Riflessione filosofica su una aspetto della didattica scolastica che non viene preso in considerazione
Stamattina riflettevo su una aspetto della didattica scolastica che non viene assolutamente preso in considerazione. Quando studiamo i componimenti di un poeta, ci soffermiamo solo sull’analisi del testo. In realtà, bisognerebbe soffermarsi sulle motivazioni che hanno fatto sì che quel testo vedesse la luce.
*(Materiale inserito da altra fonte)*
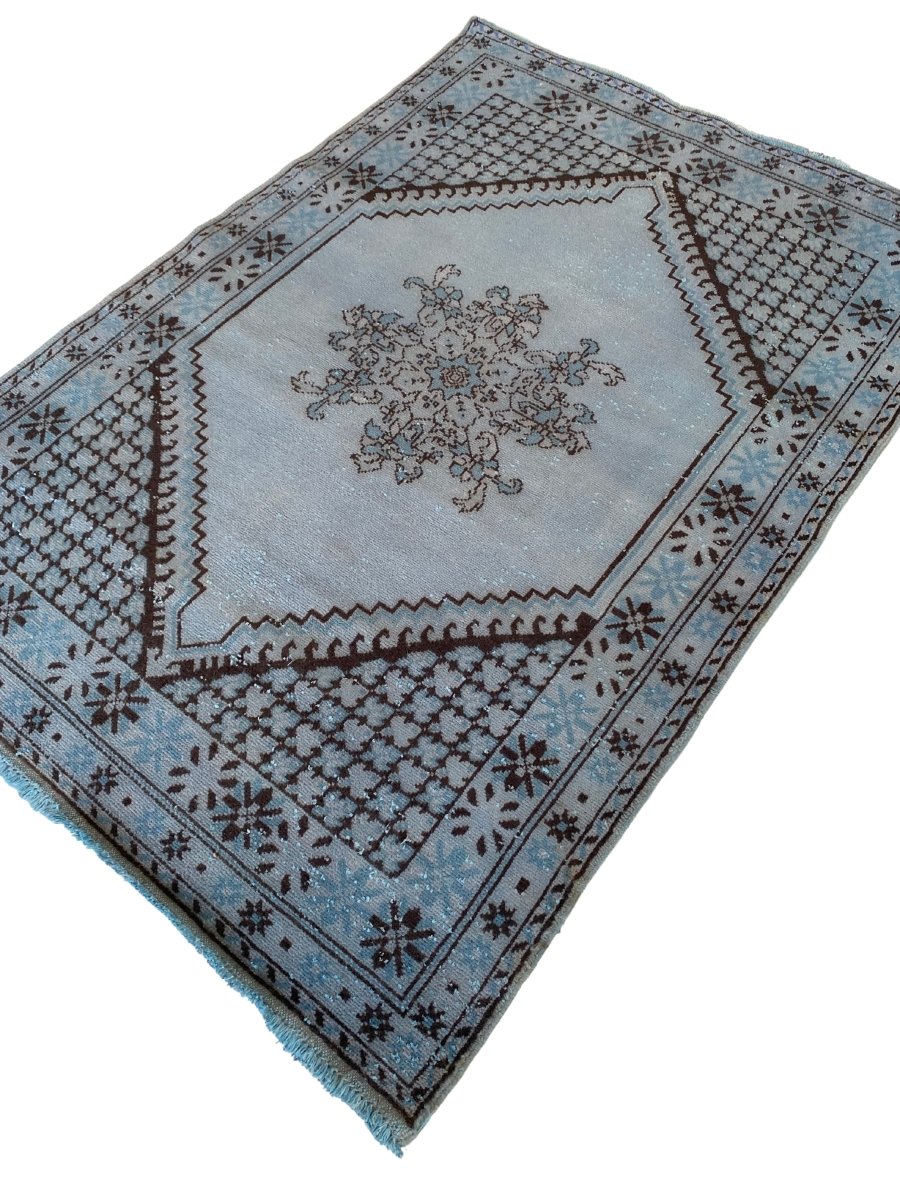 Overdyed Kargayi Rug - Size: 5.8 x 4 - Imam Carpet Co. Home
Mi spiego. Spesso gli autori più celebri (Dante, Leopardi, ecc.) hanno vissuto una vita non vita, a tal punto da rifugiarsi completamente nel loro mondo fatto di parole.
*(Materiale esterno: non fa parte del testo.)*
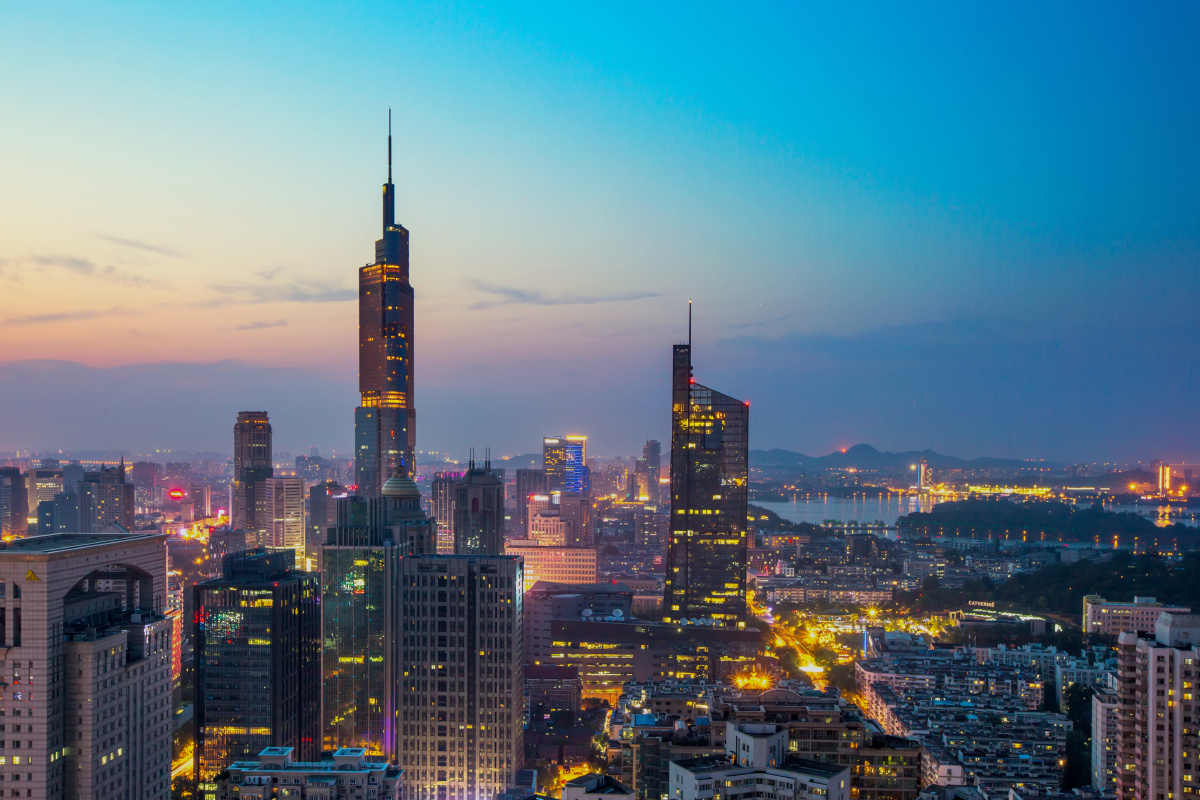 鼓楼与珠江路 - 佳能, 风光, 南京, 夜景 - lkl_要买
C’è chi ero gobbo, chi era balbuziente, chi non aveva amici, chi veniva trattato di EMME, e chi più ne ha più ne metta.
Allora, a scuola, bisognerebbe insegnare due cose: a non far sentire alienati le persone come Dante e Leopardi, e ad insegnare alle nuove generazioni a non ghettizzare nessuno. L’analisi del testo è solo un piccolo aspetto.
Che un ragazzo/a di 15 anni sappia tradurre il lessico italiano di 3-400 anni fa, e poi tratti di EMME i suoi coetanei è un fallimento. La scuola dovrebbe innanzitutto essere in grado di insegnare le basi della convivenza civile, del rispetto, dell’amore, ecc.
Ovviamente prima la famiglia, ma la scuola dovrebbe contribuire. Invece non fa assolutamente nulla. Quindi uno sa le poesie a memoria, sa anche spiegare il significato di ogni singola parola, ma non riflette sul fatto che se uno ha scritto quelle cose è perché ha “sprecato” gran parte della giornata (che poteva essere vissuta in un altro modo) a mettere delle parole su un foglio. Avremmo perso le parole di Dante e Leopardi? Sì, ma due persone avrebbero vissuto una vita vera.